04. Remediation Planning Fundamentals
Remediation Planning Fundamentals
ND545 C3 L3 A04 Remediation Planning Fundamentals Part 1 V3
Overview
The purpose of security testing is to find security gaps. To prevent attackers from exploiting those, they now have to be fixed. Remediation planning helps security professionals understand and prioritize which vulnerabilities matter most. This process of fixing gaps is a foundational part of the overall vulnerability management process.
The vulnerability remediation process includes five main steps:
- Validate: Confirm that vulnerabilities are valid and remove any false positives.

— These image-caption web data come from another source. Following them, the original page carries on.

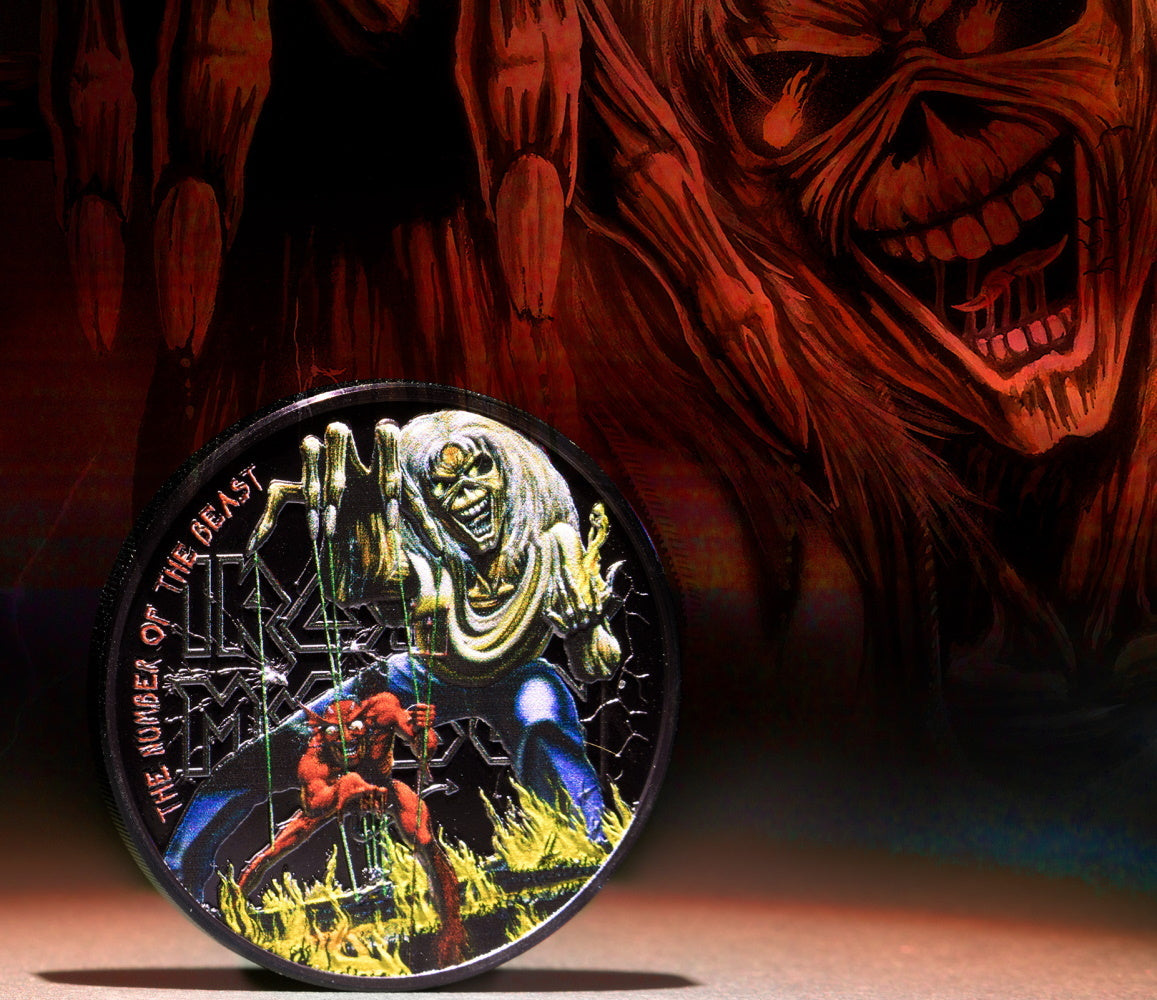 2022 Iron Maiden 1 oz Silver - Number of the Beast - Cook Islands in OGP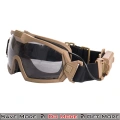WST Tactical Anti-Fog Goggles (Tan) Tactical Military Ballistic Airsoft Safety Goggles for Eye Protection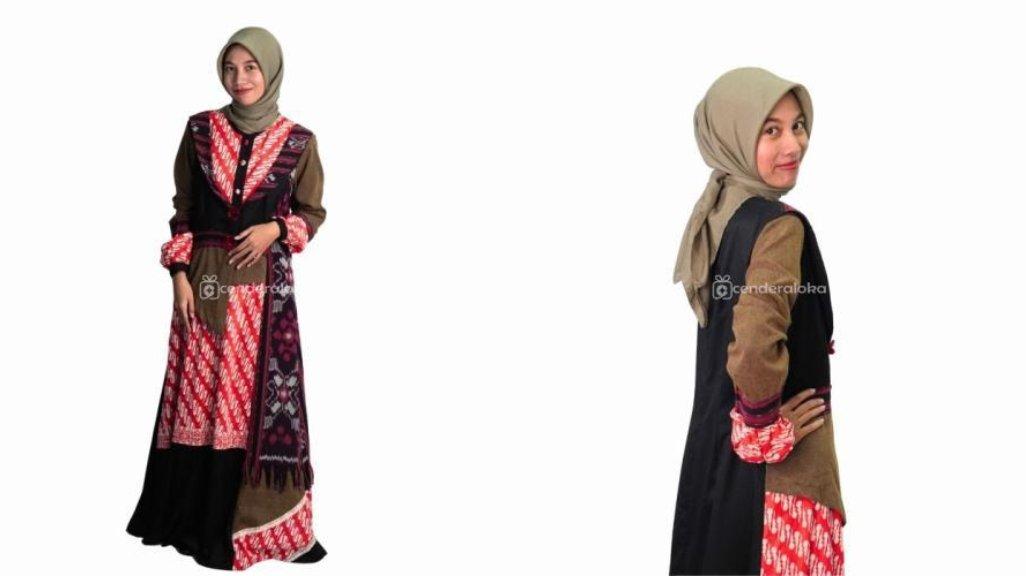 Hasna Dress Batik Mix Tenun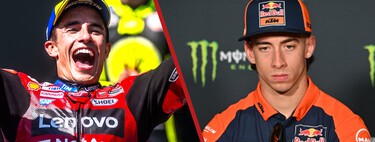 Pedro Acosta responde a Marc Márquez: "No me sorprende lo que hace. Volvió con un brazo casi colgado, ¿Cómo no iba a volver por un tornillo?"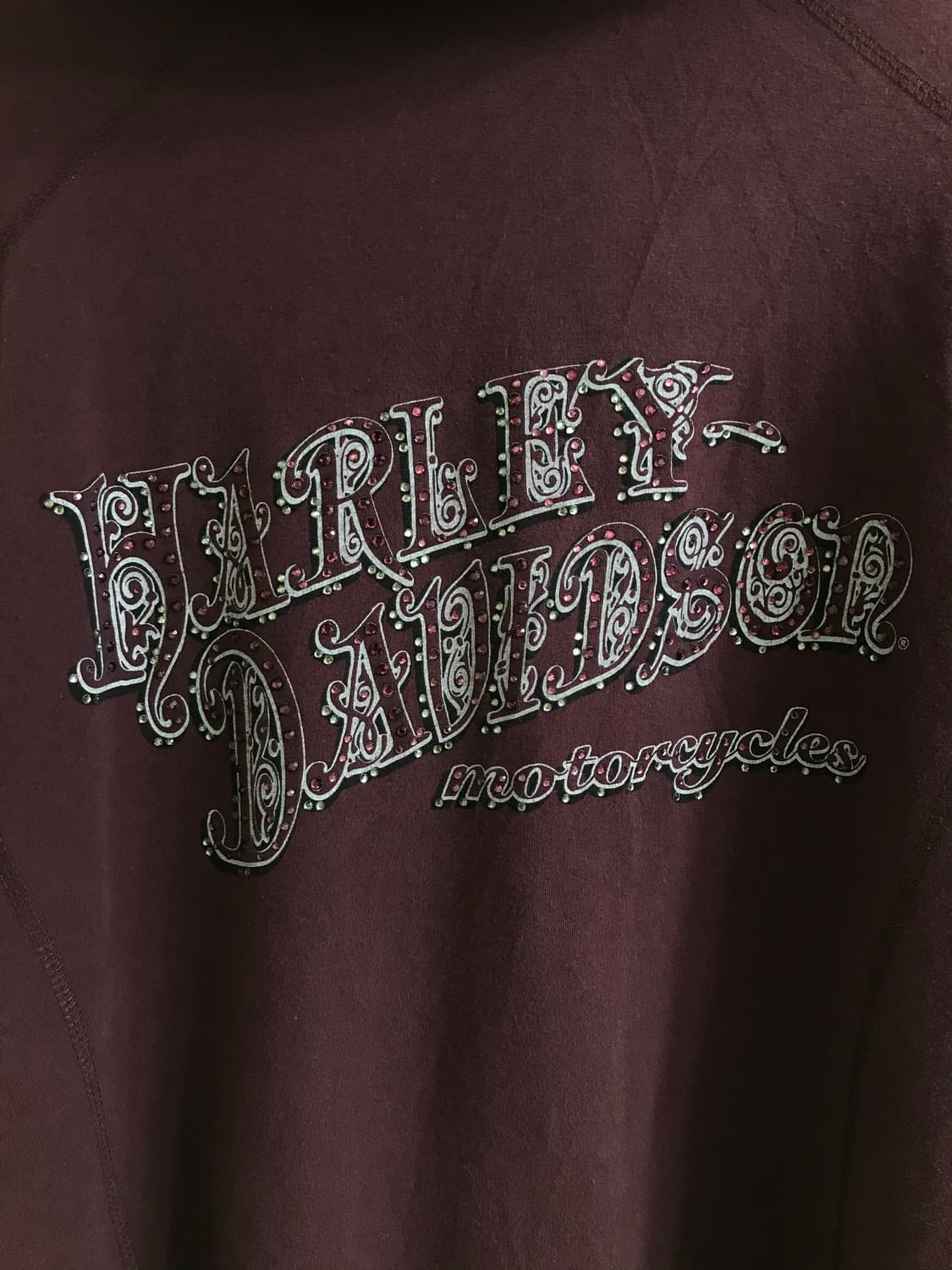 (상의 세트) 할리데이비슨 버건디 반집업 후드 + 그레이 나시 상품이미지7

- Prioritize: Rank vulnerabilities based on risk and other factors that help signify what should be addressed first.
- Remediate: Work with appropriate resources to fix the issues.
- Retest: Rescan or retest to confirm that the vulnerability has been fixed, and that other gaps were not exposed in the process.
- Close: Document the closure of the vulnerability.

Understanding Vulnerabilities
A core concept used to discuss and characterize vulnerabilities is the severity. Ratings are based on significance of vulnerability and common severity levels are Critical, High, Medium, and Low.
Because there are so many vulnerabilities spread across various systems, there needed to be a common scoring convention and way to measure severity. Without a standard, the same vulnerability could be defined as critical in one place, while it’s medium severity in another place. CVSS was created to address this.
The Common Vulnerability Scoring System (CVSS) provides a consistent way to score findings that can then be translated into a qualitative rating such as low, medium, high, and critical. This can help companies accurately evaluate and prioritize findings within their vulnerability management processes.
Scoring consists of three metric groups
Base – access vector, access complexity, impact to CIA, etc.
Temporal – exploitability, available remediation measure, vuln report confidence
Environmental – collateral damage, target distribution, CIA impact
Learn more by reviewing the user guide: https://www.first.org/cvss/user-guide, the FAQ https://www.first.org/cvss/v2/faq, and the calculator https://nvd.nist.gov/vuln-metrics/cvss/v3-calculator
ND545 C3 L3 A04 Remediation Planning Fundamentals Part 2
The point of CVSS scoring is to have a standardized way to qualify vulnerability severity levels. However, scanning tools and security vendors also often come up with their own custom ratings as well, which may be different from CVSS. While CVSS scoring is the most common and recommended standard, sometimes companies opt to stick with their own ratings or the ratings of a different vendor. For example, if you are conducting a scan using a tool that a vendor has developed, especially for your industry, you may choose to rely on the customized severity rating they use instead of the generic scoring provided through CVSS. There is no wrong answer; however, whichever route a company chooses, it’s important to remain consistent.